Utah stubborn

The Jazz seldom if ever go easily. Down eighteen at one point in the second half, they fought back to within five, but the Thunder weren’t in the mood to give anything away and dispatched the Utahns, 106-94, dropping them to four games back in the Northwest.

Bereft of superstars, the Jazz were more than happy to come from all directions. Six of them hit double figures, and second-year center Enas Kanter had his best game ever: 18 points on 8-11 shooting and seven rebounds — in fifteen minutes. Al Jefferson, quiet in the first half, came alive in the second, winding up with 16 points and 11 boards. Mo Williams played; Marvin Williams got a DNP-CD. Utah hoisted 23 treys, though only seven of them dropped through. They did lead in total assists, though, 24-21. And they tried their darnedest to garner second-chance points, grabbing 21 offensive rebounds. (They had only 19 defensive rebounds.)

Apart from bricking nine free throws for no good reason, the Thunder were hitting well, shooting 52 percent from the floor. (They had one more make than the Jazz, despite taking 17 fewer shots.) As usual, Durant/Westbrook Industries loaded up the net — KD with 25, Russell with 23 and 13 rebounds — and Kevin Martin paced the bench with 19. More surprising, perhaps, was Kendrick Perkins’ line: Perk had 12 points, six boards, and five assists. Apparently Scott Brooks was serious about moving the damn ball, whydoncha. The turnover bug was back — 21 of ’em, eight by Westbrook all by his lonesome — and you have to figure that the team will hear about that on the way to New Orleans tonight.

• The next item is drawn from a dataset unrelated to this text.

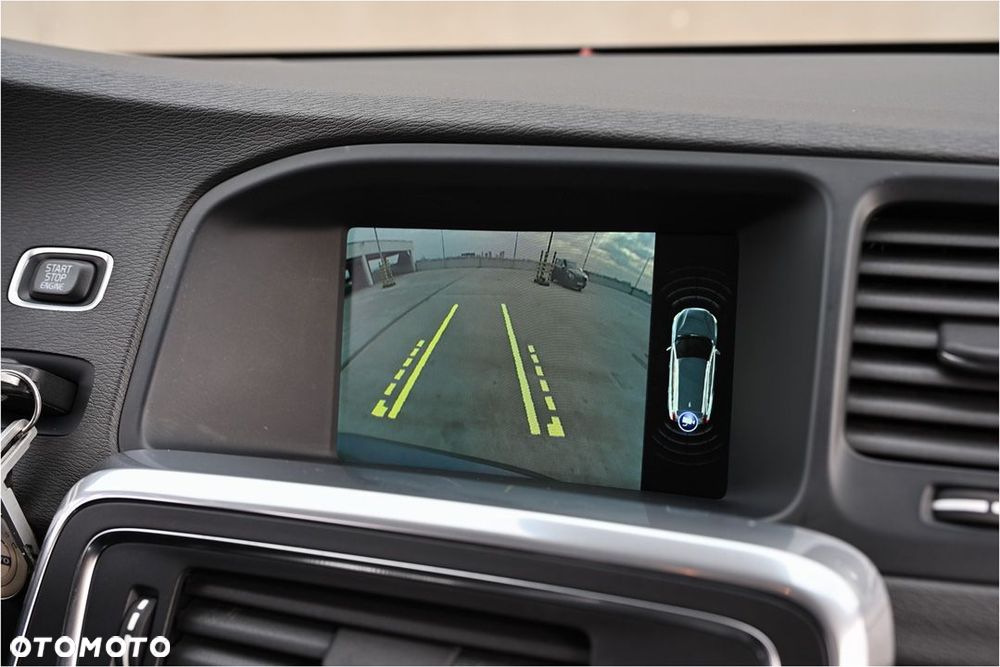 Volvo V60 D5 Geartronic RDesign - 38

And hey, being 13-4 after a 1-2 start is nothing to sneeze at. Tuesday, we’re off to see the relocated, rejuvenated Nets.


  1. JT »

    30 November 2012 · 10:21 pm

    Alas, I was watching my girl and her team (middle school) in a close-fought battle with a crosstown rival team in the second round of tournament play. The game was a huge tug of war but the rivals ended up on top 23-21. Considering we were in foul trouble during the last half of the final quarter, they did well.
    Meanwhile, the Spurs on the road got edged out by Miami 105-100, bringing them to a matching 13-4 record.

  2. CGHill »

    30 November 2012 · 11:49 pm

    And bringing them a quarter-million-dollar fine, David Stern being peeved that Pop chose to rest his starters rather than bring them to a game that was on TNT, fercryingoutloud.

  3. JT »

    1 December 2012 · 10:29 am

    The Heat had 4 days rest to prepare for the Spurs and only played one game in over a week and a half, while the Spurs are playing 11 road games in 17 games including 4 games in 5 nights.

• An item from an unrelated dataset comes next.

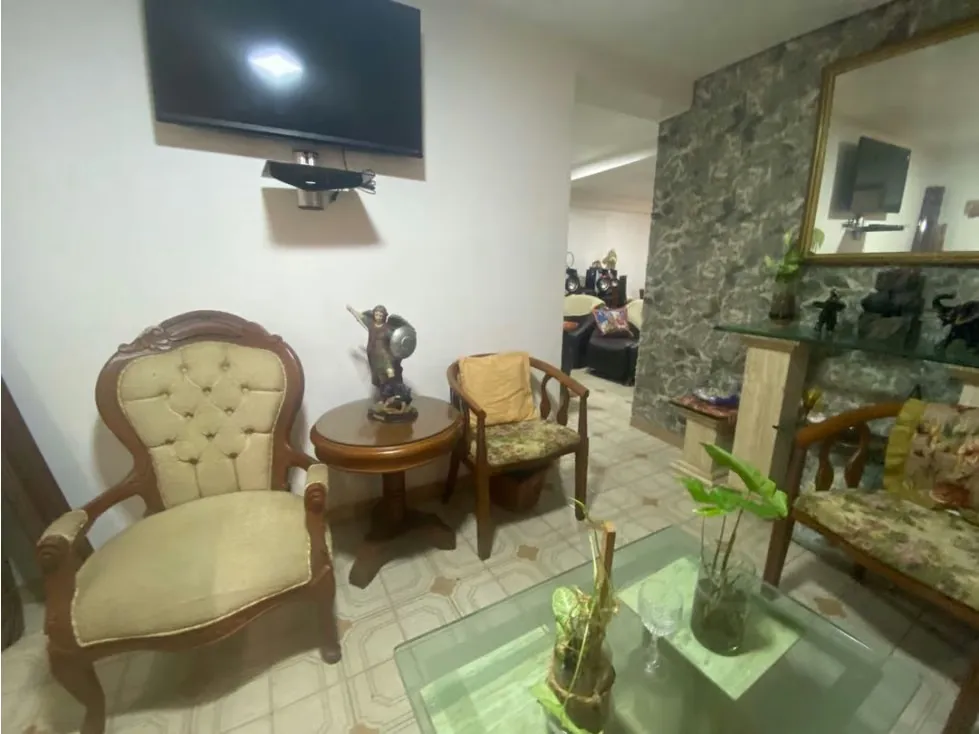 Venta de apartamento Urbanización Nueva Caracas.Catia 83m2 En 55000 - 4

    Stern and the NBA schedulers think it’s OK to give them this schedule then have them face the Heat in Miami after they had a week off, but to rest his old players (Duncan and Manu are 34 and 36) before having to play yet another game today (Saturday) against the #1 Grizzlies is “against the best interests of the NBA”???
    I wonder what Stern would have fined the Spurs if they had actually won the game (as they almost did)?

  4. CGHill »

    1 December 2012 · 10:47 am

    Against the best interests of the television market, I suspect.

    And yes, it would have been wondrous if the Spurs had pulled out the win.